Llegó una visita a casa del rico; y, no queriendo perder una oveja o un buey para invitar a su huésped, cogió la cordera del pobre y convidó a su huésped.
David se puso furioso contra aquel hombre y dijo a Natán:
-¡Vive Dios, que el que ha hecho eso es reo de muerte! No quiso respetar lo del otro, pues pagará cuatro veces el valor de la cordera.
Entonces Natán dijo a David:
-¡Eres tú!
Pues bien, la espada no se apartará nunca de tu casa; por haberme despreciado, quedándote con la mujer de Urías, el hitita.
Así dice el Señor:
-Yo haré que de tu propia casa nazca tu desgracia; te arrebataré tus mujeres, y ante tus ojos se las daré a otro, que se acostará con ellas a la luz del sol que nos alumbra. Tú lo hiciste a escondidas, yo lo haré ante todo Israel, en pleno día.
David respondió a Natán:
-He pecado contra el Señor.
Y Natán le dijo:
-Pues el Señor perdona tu pecado. No morirás. Pero, por haber despreciado al Señor con lo que has hecho, el hijo que te ha nacido morirá.
Natán marchó a su casa.
El Señor hirió al niño que la mujer de Urías había dado a David, y cayó gravemente enfermo.
David pidió a Dios por el niño, prolongó su ayuno y de noche se acostaba en el suelo.

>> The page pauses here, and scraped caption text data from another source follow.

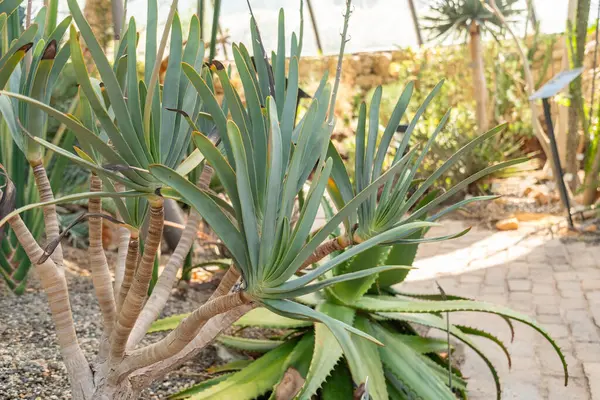 Zürih, İsviçre, 1 Mayıs 2025 Aloe Plicatilis veya botanik bahçesindeki fan aloe bitkisi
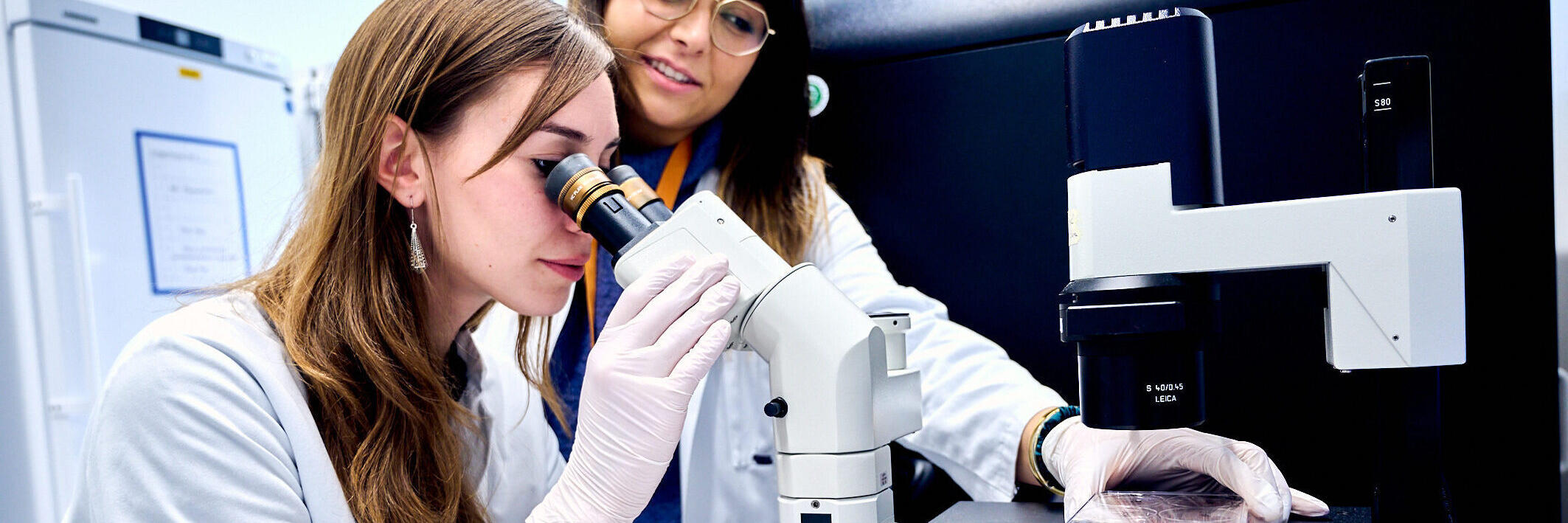 Scientists on microscope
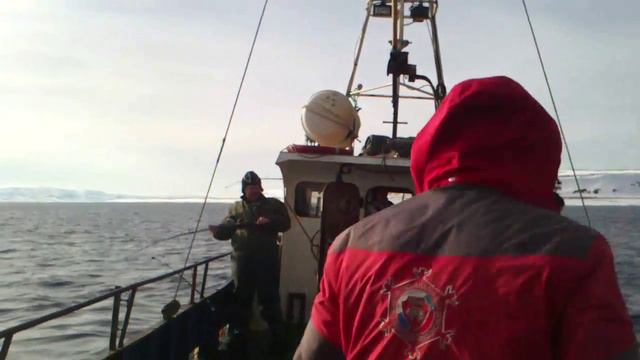 Ловля трески на востоке о.Кильдин, Баренцево Море. смотреть онлайн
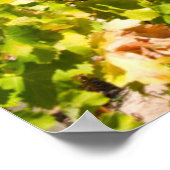 Vineyard, Kaapstad, Western Kaapstad, Zuid-Afrika Poster (Hoek)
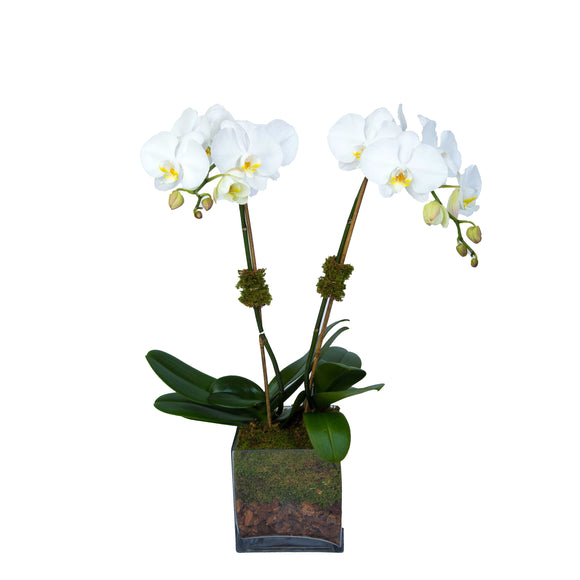 Conjunto de dos orquídeas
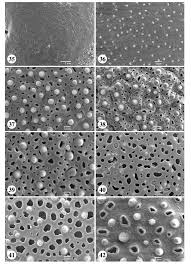 Image result for Spermacoce natalensis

Los ancianos de su casa intentaron levantarlo, pero él se negó, y no quiso comer nada con ellos.
Sal 50,12-13,14-15.16-17
Oh Dios, crea en mí un corazón puro.
Oh Dios, crea en mí un corazón puro,
renuévame por dentro con espíritu firme;
no me arrojes lejos de tu rostro,
no me quites tu santo espíritu.
Devuélveme la alegría de tu salvación,
afiánzame con espíritu generoso.
Enseñaré a los malvados tus caminos,
los pecadores volverán a ti.
¡Líbrame de la sangre, oh Dios,
Dios, Salvador mío!
y cantará mí lengua tu justicia.
Señor, me abrirás los labios,
y mi boca proclamará tu alabanza.
Mc 4,35-41
Un día, al atardecer, dijo Jesús a sus discípulos:
-«Vamos a la otra orilla.»
Dejando a la gente, se lo llevaron en barca, como estaba; otras barcas lo acompañaban. Se levantó un fuerte huracán, y las olas rompían contra la barca hasta casi llenarla de agua. Él estaba a popa, dormido sobre un almohadón. Lo despertaron, diciéndole:
-«Maestro, ¿no te importa que nos hundamos?»
Se puso en pie, increpó al viento y dijo al lago:
-«¡Silencio, cállate!»
El viento cesó y vino una gran calma. Él les dijo:
-«¿Por qué sois tan cobardes? ¿Aún no tenéis fe?»
Se quedaron espantados y se decían unos a otros:
-« ¿Pero quién es éste? ¡ Hasta el viento y las aguas le obedecen!»